Amarula is high on my priority list

Reactions: Like 1


----------



## Gizmo (19/10/13)

Wow way ahead of me. Well once you perfected it then I will hand over the dollas


----------



## CraftyZA (19/10/13)

Gizmo said:


> Wow way ahead of me. Well once you perfected it then I will hand over the dollas


I'm vaping a straight marula flavour right now. My only issue with it, it has very little hit. Its a 50/50 mix, yet i've vaped pure vg with more hit than this. Way to smooth for now. I still have a few tricks up my sleeve though.


----------



## VapeKing (20/10/13)

CraftyZA said:


> Specifica flavours, or vendors?
> I'm curious to try some of the big names out there. For one, I would really like to get my hands on a small bottle of boba's bounty.
> And honey Melon. I'm not big on fruity flavours, But I'm sure I will love honey melon.




Both  

Thanks for the feedback everybody we will see what we can do and get back to you all shortly! We will post updates as we have them

@Gizmo and @CraftyZA Amarula sounds lovely!


----------



## Andre (21/10/13)

Maybe some NETs (naturally extracted tobacco)?


----------



## VapeKing (30/10/13)

We will look into this for you Mathee

Reactions: Like 1


----------



## Silver (25/11/13)

Also am keen to try Bobas Bounty and naturally extacted tobaccos. Another one that looks good are the Yaeliq juices. Has anyone tried them?
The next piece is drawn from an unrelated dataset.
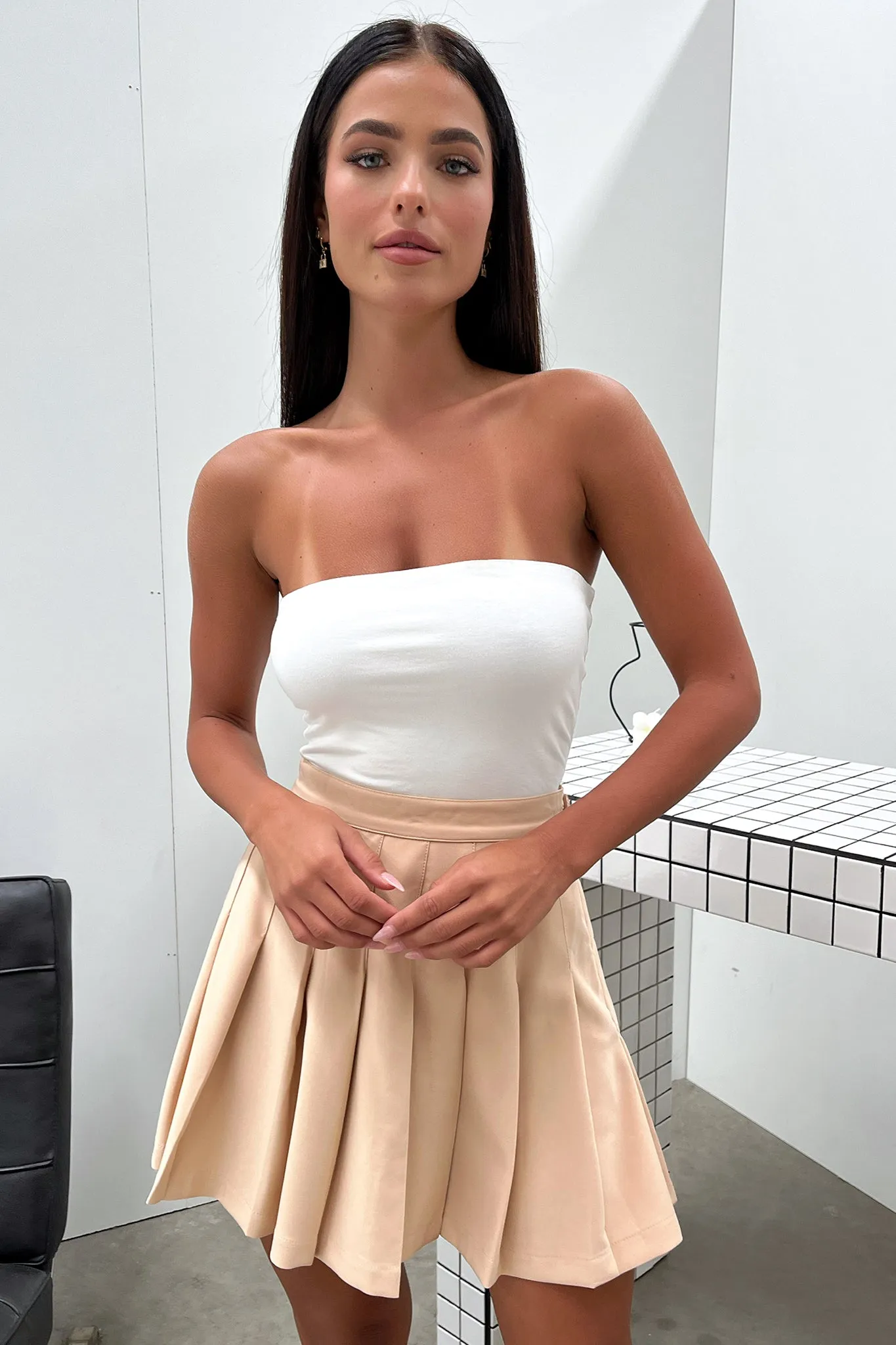Kareena Skirt - Tan Mix Separates Resale Value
Did you manage to get any of these juices Vapeking? I see this is an older thread


----------



## VapeKing (25/11/13)

We are still trying to negotiate on the Bobas Bounty - Alien visions does not offer wholesale - we were thinking of doing a group buy but then max we can get is 10. Yaeliq we haven't heard of but we will look into them.

Reactions: Like 2


----------



## VapeKing (26/11/13)

We got in a sample pack from a company in Arizona yesterday and Must just say their flavours are incredible - We will definitely be adding these to our range in the new year ( We bought a lot of stock with our previous order to ensure we had enough for December so we cannot buy anything right now, unless we do the group buy on the Bobas bounty - we are still trying to negotiate with them though so we can get more or at least a bit of a better price)


----------



## Andre (26/11/13)

Can you disclose the name/brand of the Arizona company for us to check out their juices?

Reactions: Like 1


----------



## VapeKing (26/11/13)

Sure it is J Vapes, here is their website
We have already discussed wholesale pricing with them and will be stocking their flavours next year.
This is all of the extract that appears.